• Information provided:
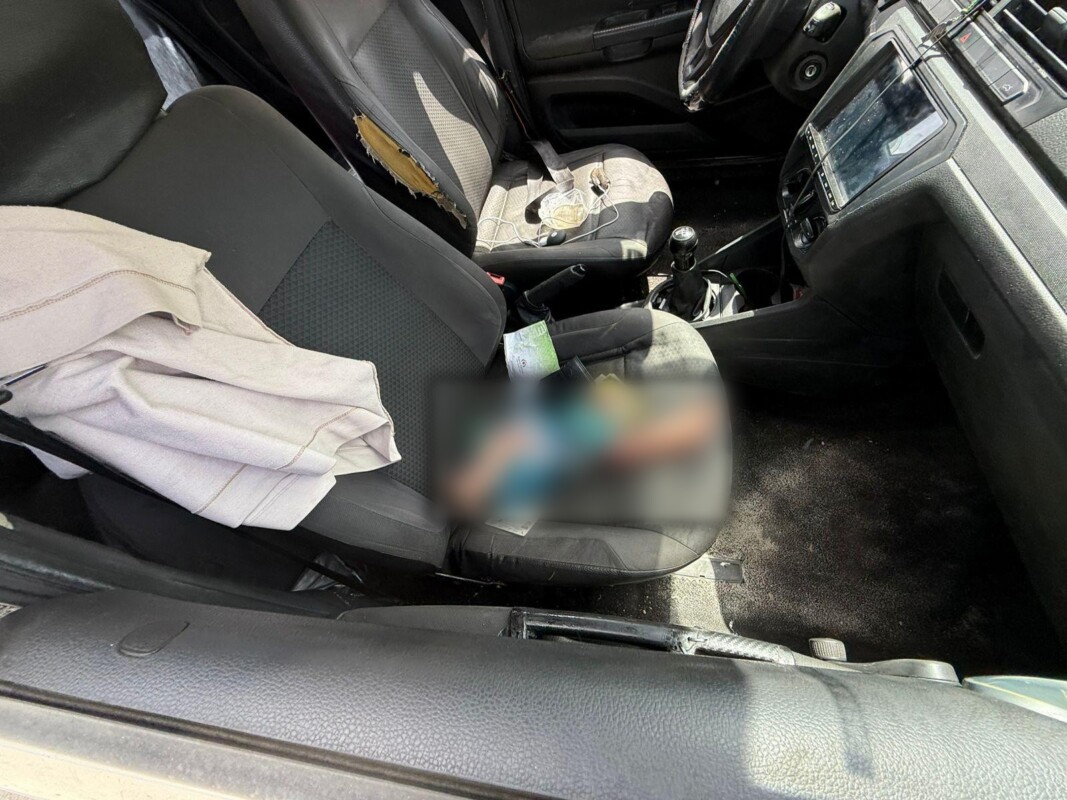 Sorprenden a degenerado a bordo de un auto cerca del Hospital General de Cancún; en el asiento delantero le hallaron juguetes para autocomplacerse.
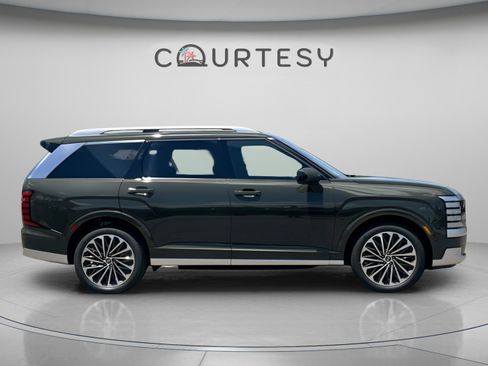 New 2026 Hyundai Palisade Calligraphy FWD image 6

---

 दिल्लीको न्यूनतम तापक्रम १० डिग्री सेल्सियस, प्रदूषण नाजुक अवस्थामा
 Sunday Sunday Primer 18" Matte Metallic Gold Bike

• Required action: Reprint exactly the lines above that start at the one with "दिल्लीको न्यूनतम तापक्रम" and end at the one with "Sunday Sunday Primer", keeping both and adding none.

• Solved exercise:
 दिल्लीको न्यूनतम तापक्रम १० डिग्री सेल्सियस, प्रदूषण नाजुक अवस्थामा
 Sunday Sunday Primer 18" Matte Metallic Gold Bike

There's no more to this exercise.